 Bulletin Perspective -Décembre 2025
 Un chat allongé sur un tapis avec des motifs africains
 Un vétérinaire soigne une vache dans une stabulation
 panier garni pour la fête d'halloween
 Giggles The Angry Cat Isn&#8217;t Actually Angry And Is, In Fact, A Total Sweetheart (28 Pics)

==

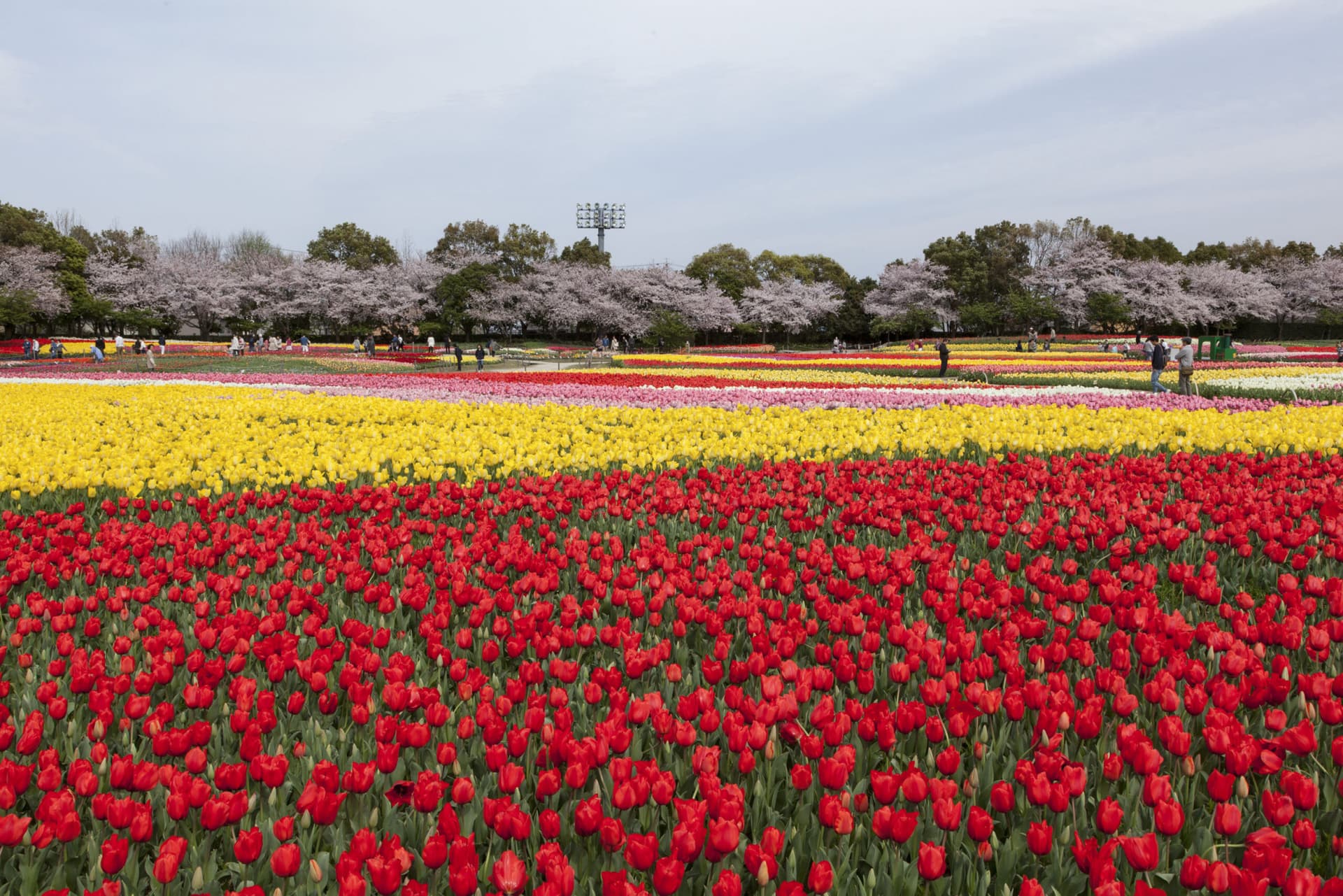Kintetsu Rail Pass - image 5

* * *

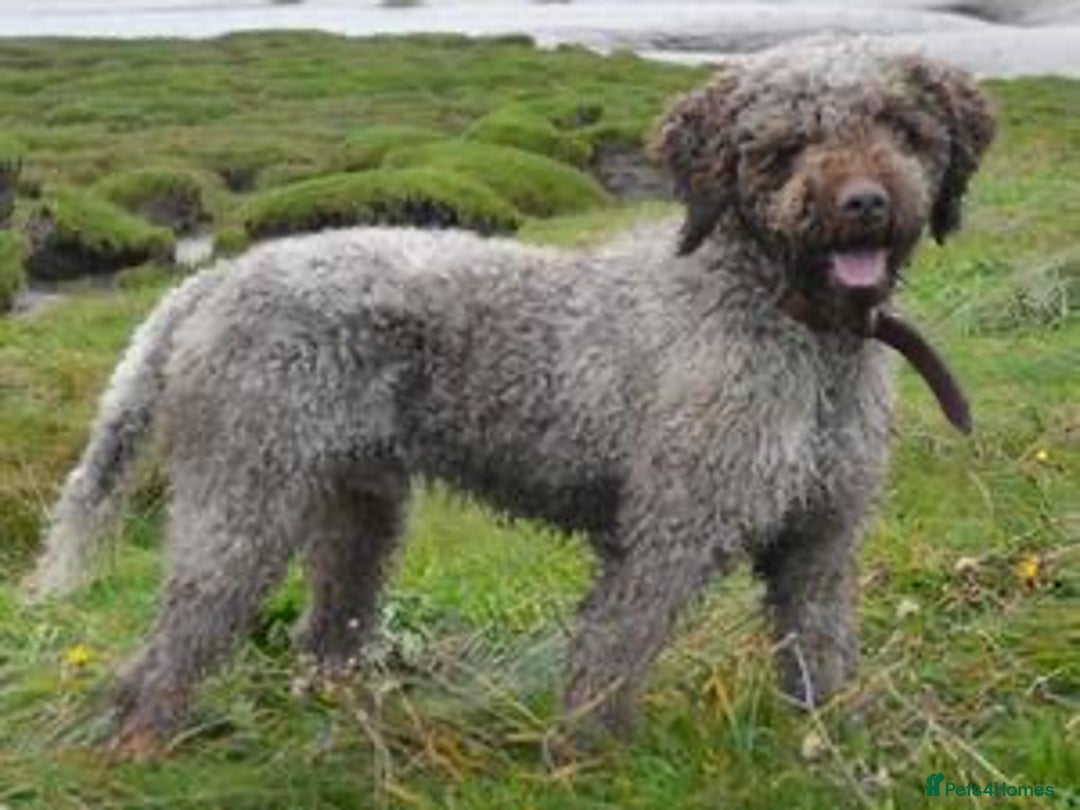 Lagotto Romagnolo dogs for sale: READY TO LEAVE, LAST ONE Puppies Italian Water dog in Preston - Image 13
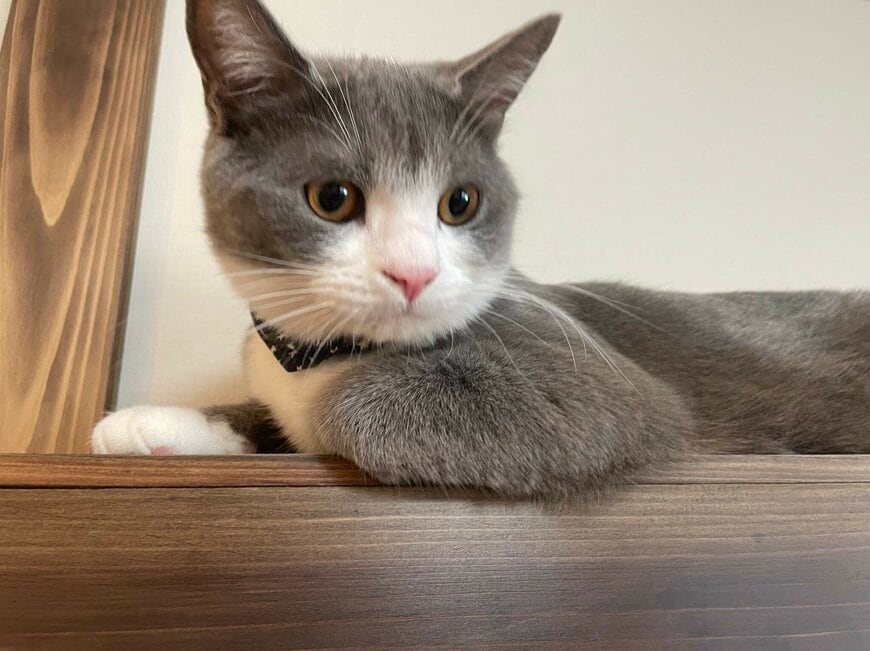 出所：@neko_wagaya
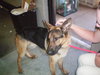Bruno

▸ Task requirements
In the listing above, find the line with "Bulletin Perspective -Décembre 2025" and the line with "Giggles The Angry"; set down exactly those two lines and every line between them, nothing more.

▸ Output below
 Bulletin Perspective -Décembre 2025
 Un chat allongé sur un tapis avec des motifs africains
 Un vétérinaire soigne une vache dans une stabulation
 panier garni pour la fête d'halloween
 Giggles The Angry Cat Isn&#8217;t Actually Angry And Is, In Fact, A Total Sweetheart (28 Pics)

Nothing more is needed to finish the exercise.